--- START ---

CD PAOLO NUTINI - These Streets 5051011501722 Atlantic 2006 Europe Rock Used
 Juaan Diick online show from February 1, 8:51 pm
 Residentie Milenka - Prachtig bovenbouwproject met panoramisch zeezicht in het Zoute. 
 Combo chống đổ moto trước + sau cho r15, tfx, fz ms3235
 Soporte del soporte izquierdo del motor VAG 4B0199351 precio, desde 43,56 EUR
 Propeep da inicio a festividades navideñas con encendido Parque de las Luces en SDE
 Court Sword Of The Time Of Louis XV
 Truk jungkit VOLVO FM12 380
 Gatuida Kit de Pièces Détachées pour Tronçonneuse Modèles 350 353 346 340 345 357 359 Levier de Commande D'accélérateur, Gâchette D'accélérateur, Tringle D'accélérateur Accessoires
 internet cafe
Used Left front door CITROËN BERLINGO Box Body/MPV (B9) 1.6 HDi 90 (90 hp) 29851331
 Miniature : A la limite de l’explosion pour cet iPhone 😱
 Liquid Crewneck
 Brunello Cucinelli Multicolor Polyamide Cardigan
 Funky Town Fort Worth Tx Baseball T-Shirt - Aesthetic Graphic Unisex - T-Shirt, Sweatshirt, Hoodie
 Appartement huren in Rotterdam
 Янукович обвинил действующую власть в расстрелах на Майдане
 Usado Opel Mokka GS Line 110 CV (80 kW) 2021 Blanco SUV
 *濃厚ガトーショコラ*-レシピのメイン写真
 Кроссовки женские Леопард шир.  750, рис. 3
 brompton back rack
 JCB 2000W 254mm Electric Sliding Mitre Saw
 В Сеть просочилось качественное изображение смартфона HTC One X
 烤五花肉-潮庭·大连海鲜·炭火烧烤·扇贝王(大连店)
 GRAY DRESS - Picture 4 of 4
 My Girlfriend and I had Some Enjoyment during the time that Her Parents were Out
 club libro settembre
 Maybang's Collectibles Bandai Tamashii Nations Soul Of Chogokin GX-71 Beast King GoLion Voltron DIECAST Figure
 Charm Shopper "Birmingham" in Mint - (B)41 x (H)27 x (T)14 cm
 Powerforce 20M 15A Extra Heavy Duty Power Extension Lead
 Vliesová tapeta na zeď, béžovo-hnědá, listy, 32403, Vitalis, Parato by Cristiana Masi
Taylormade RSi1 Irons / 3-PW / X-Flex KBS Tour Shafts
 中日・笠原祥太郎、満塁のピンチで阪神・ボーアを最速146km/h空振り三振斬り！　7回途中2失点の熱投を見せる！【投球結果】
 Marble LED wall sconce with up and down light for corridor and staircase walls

--- END ---

**What you are asked to do:** All of the entries above need to be output again exactly.

**Output of the task:**
CD PAOLO NUTINI - These Streets 5051011501722 Atlantic 2006 Europe Rock Used
 Juaan Diick online show from February 1, 8:51 pm
 Residentie Milenka - Prachtig bovenbouwproject met panoramisch zeezicht in het Zoute. 
 Combo chống đổ moto trước + sau cho r15, tfx, fz ms3235
 Soporte del soporte izquierdo del motor VAG 4B0199351 precio, desde 43,56 EUR
 Propeep da inicio a festividades navideñas con encendido Parque de las Luces en SDE
 Court Sword Of The Time Of Louis XV
 Truk jungkit VOLVO FM12 380
 Gatuida Kit de Pièces Détachées pour Tronçonneuse Modèles 350 353 346 340 345 357 359 Levier de Commande D'accélérateur, Gâchette D'accélérateur, Tringle D'accélérateur Accessoires
 internet cafe
Used Left front door CITROËN BERLINGO Box Body/MPV (B9) 1.6 HDi 90 (90 hp) 29851331
 Miniature : A la limite de l’explosion pour cet iPhone 😱
 Liquid Crewneck
 Brunello Cucinelli Multicolor Polyamide Cardigan
 Funky Town Fort Worth Tx Baseball T-Shirt - Aesthetic Graphic Unisex - T-Shirt, Sweatshirt, Hoodie
 Appartement huren in Rotterdam
 Янукович обвинил действующую власть в расстрелах на Майдане
 Usado Opel Mokka GS Line 110 CV (80 kW) 2021 Blanco SUV
 *濃厚ガトーショコラ*-レシピのメイン写真
 Кроссовки женские Леопард шир.  750, рис. 3
 brompton back rack
 JCB 2000W 254mm Electric Sliding Mitre Saw
 В Сеть просочилось качественное изображение смартфона HTC One X
 烤五花肉-潮庭·大连海鲜·炭火烧烤·扇贝王(大连店)
 GRAY DRESS - Picture 4 of 4
 My Girlfriend and I had Some Enjoyment during the time that Her Parents were Out
 club libro settembre
 Maybang's Collectibles Bandai Tamashii Nations Soul Of Chogokin GX-71 Beast King GoLion Voltron DIECAST Figure
 Charm Shopper "Birmingham" in Mint - (B)41 x (H)27 x (T)14 cm
 Powerforce 20M 15A Extra Heavy Duty Power Extension Lead
 Vliesová tapeta na zeď, béžovo-hnědá, listy, 32403, Vitalis, Parato by Cristiana Masi
Taylormade RSi1 Irons / 3-PW / X-Flex KBS Tour Shafts
 中日・笠原祥太郎、満塁のピンチで阪神・ボーアを最速146km/h空振り三振斬り！　7回途中2失点の熱投を見せる！【投球結果】
 Marble LED wall sconce with up and down light for corridor and staircase walls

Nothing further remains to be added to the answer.